Note that this code needs to be run on a kaggle notebook. The bq_helper library uses kaggle permissions to access google big query.

The dataset in question: https://www.kaggle.com/datasets/bigquery/patents

In [None]:
# Start by importing the bq_helper module and calling on the specific active_project and dataset_name for the BigQuery dataset.
import bq_helper
import  pandas as pd
from bq_helper import BigQueryHelper
# https://www.kaggle.com/sohier/introduction-to-the-bq-helper-package

patents = bq_helper.BigQueryHelper(active_project="patents-public-data",
                                   dataset_name="patents")

In [None]:
# View table names under the patents data table
bq_assistant = BigQueryHelper("patents-public-data", "patents")
bq_assistant.list_tables()

In [None]:
# View the first three rows of the publications data table
df_sample = bq_assistant.head("publications", num_rows=3)
df_sample

In [None]:
# View information on all columns in the publications data table
bq_assistant.table_schema("publications")

In [None]:
### Test xample Query
query1 = """
SELECT
  publication_number,
  application_number,
  country_code,
  pct_number,
  family_id,
  title_localized,
  abstract_localized,
  claims_localized,
  description_localized,
  publication_date,
  filing_date,
  inventor,
  assignee,
  ipc
FROM
  `patents-public-data.patents.publications`
LIMIT
  10;
        """

In [None]:
# this function shows the size of the query on the dataset before it was run
# This is important to check as the dataset is terabyte size.
bq_assistant.estimate_query_size(query1)

In [None]:
## Query for a dataset of patent text to do NLP modelling on
query_patent_text = """
SELECT
  publication_number,
  application_number,
  title_localized,
  abstract_localized,
  claims_localized,
  description_localized,
FROM
  `patents-public-data.patents.publications`
WHERE
    application_kind = 'A' AND
    publication_date > 20180000
LIMIT
  10000;
  """

This query was big (about 200GB)

In [None]:
query2018 = """
SELECT
  publication_number,
  application_number,
  country_code,
  publication_date,
  filing_date,
  assignee,
  family_id,
  ipc
FROM
  `patents-public-data.patents.publications`
WHERE
    application_kind = 'A' AND
    ipc IS NOT NULL AND
    country_code IS NOT NULL AND
    publication_date > 20180000
ORDER BY RAND()
LIMIT 1000000;
  """

This query was around 20GB

In [None]:
bq_assistant.estimate_query_size(query2018)
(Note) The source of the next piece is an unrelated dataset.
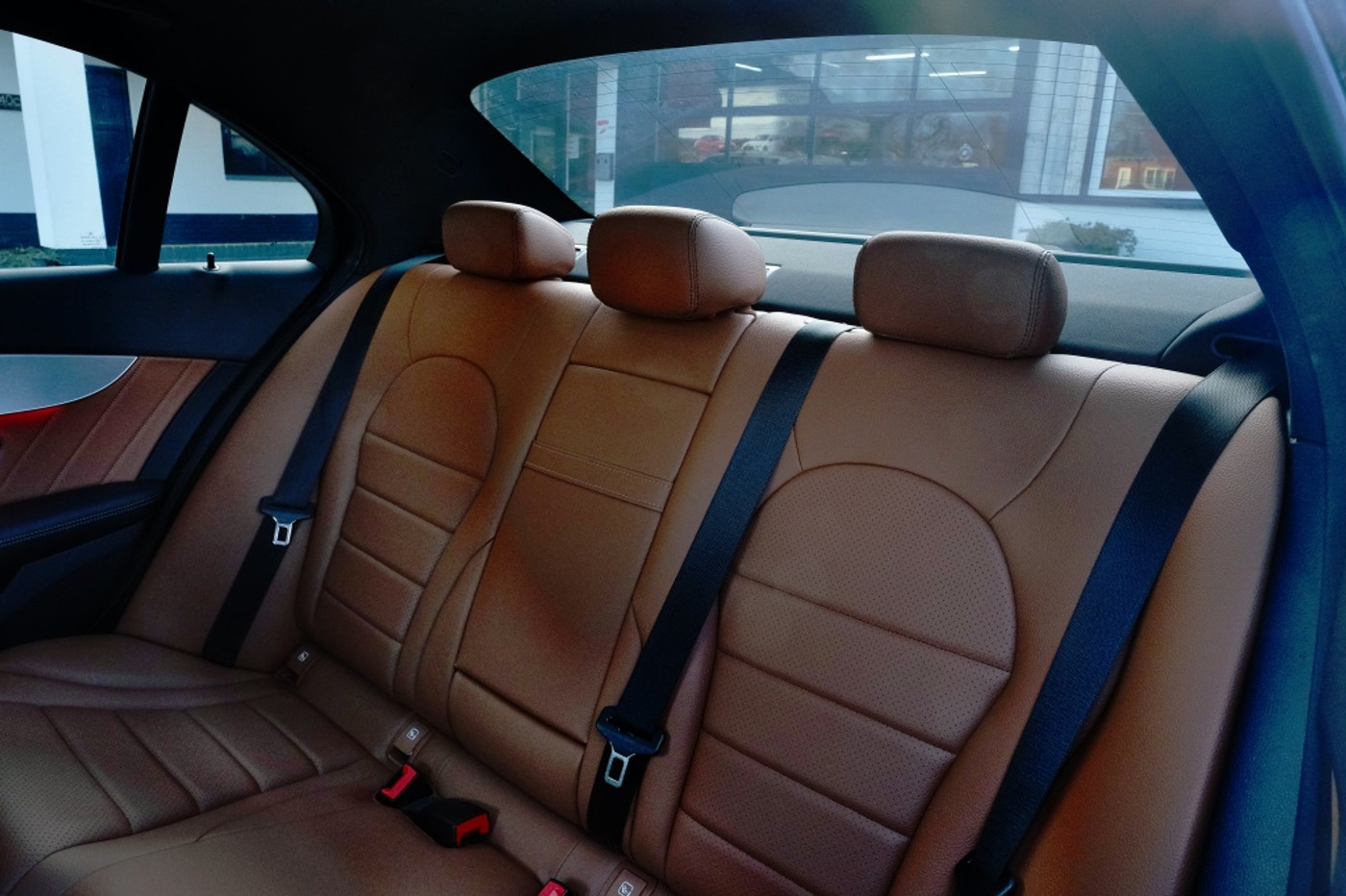 Foto van Mercedes-Benz C 300 E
Queries were run to pull 2 datasets (one for analysis part of project, one for modelling part of project) from the total Google Patent Dataset

In [None]:
## pulling the data
response = patents.query_to_pandas_safe(query2018, max_gb_scanned=20)
response.head(10)

In [None]:
response2 = patents.query_to_pandas_safe(query_patent_text, max_gb_scanned=250)
response2.head(10)